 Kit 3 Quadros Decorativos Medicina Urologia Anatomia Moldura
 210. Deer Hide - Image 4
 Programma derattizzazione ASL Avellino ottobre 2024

────────────────

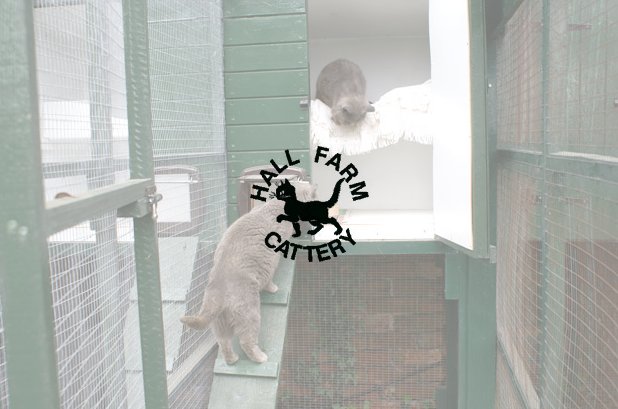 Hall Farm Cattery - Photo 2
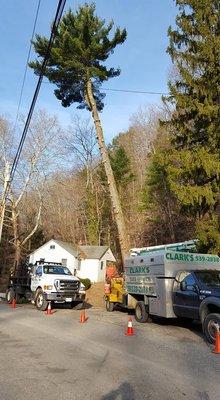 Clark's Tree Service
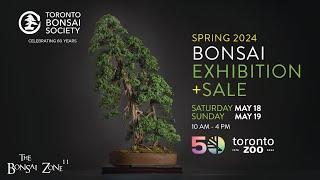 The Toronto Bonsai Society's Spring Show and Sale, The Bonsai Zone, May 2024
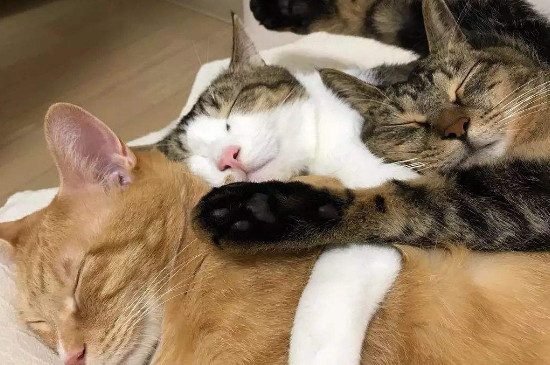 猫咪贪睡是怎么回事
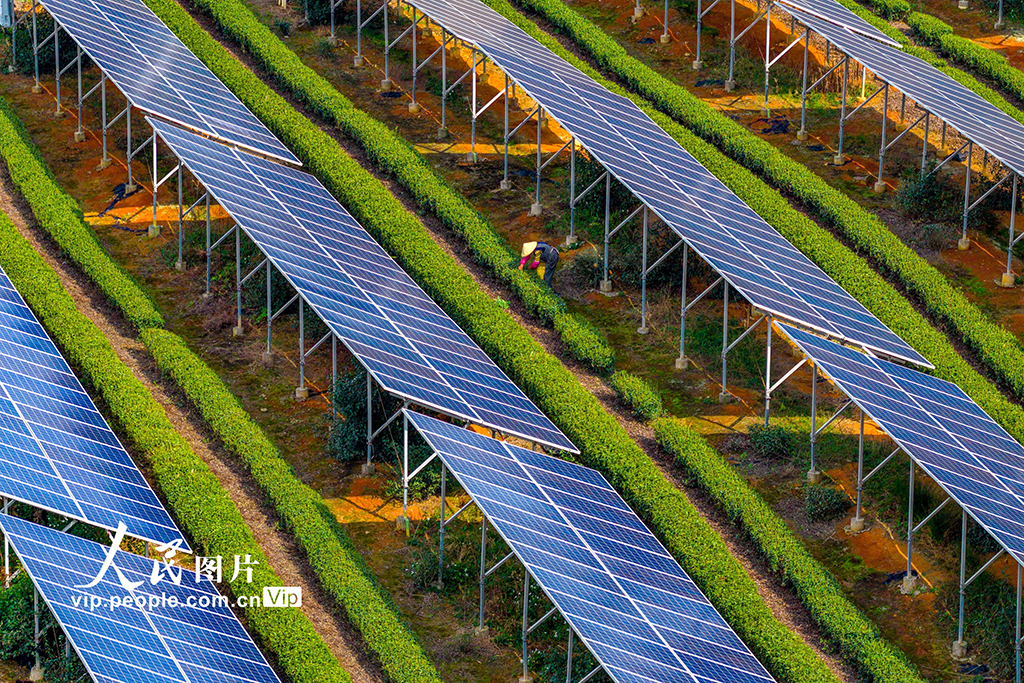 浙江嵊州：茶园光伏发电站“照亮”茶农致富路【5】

────────────────

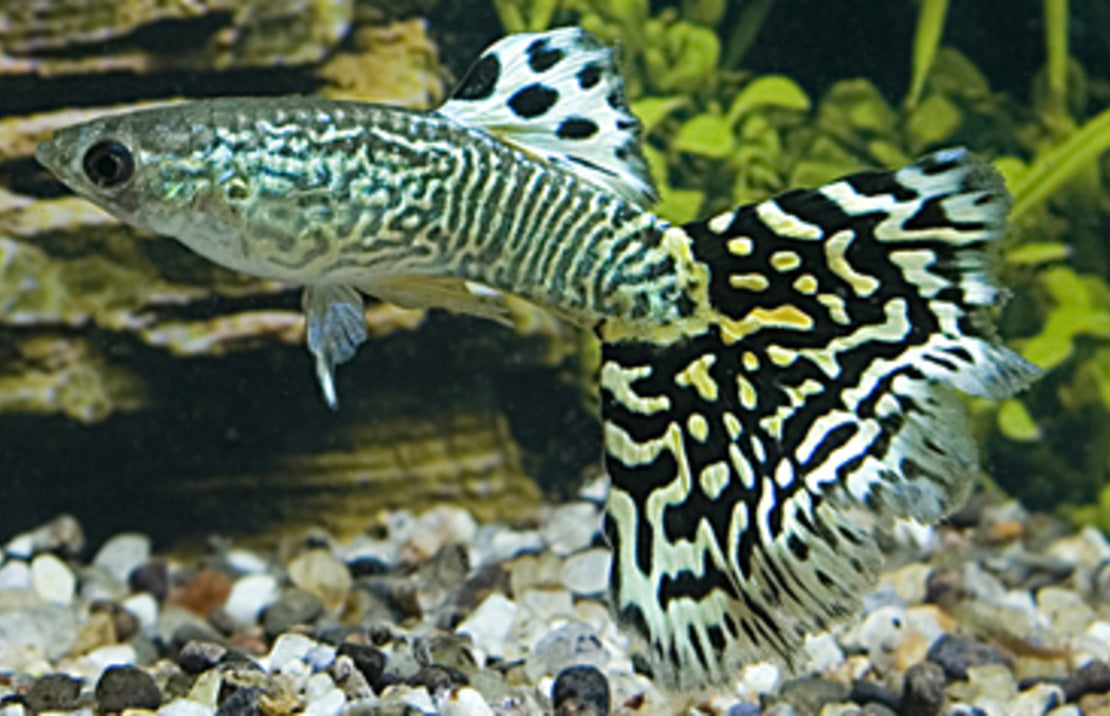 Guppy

────────────────

▶ **Directions for this task**: From the material above, set down exactly the lines between the line holding "210. Deer Hide - Image 4" and the line holding "Programma derattizzazione ASL", inclusive. Include nothing else.

▶ **Exercise output**:
 210. Deer Hide - Image 4
 Programma derattizzazione ASL Avellino ottobre 2024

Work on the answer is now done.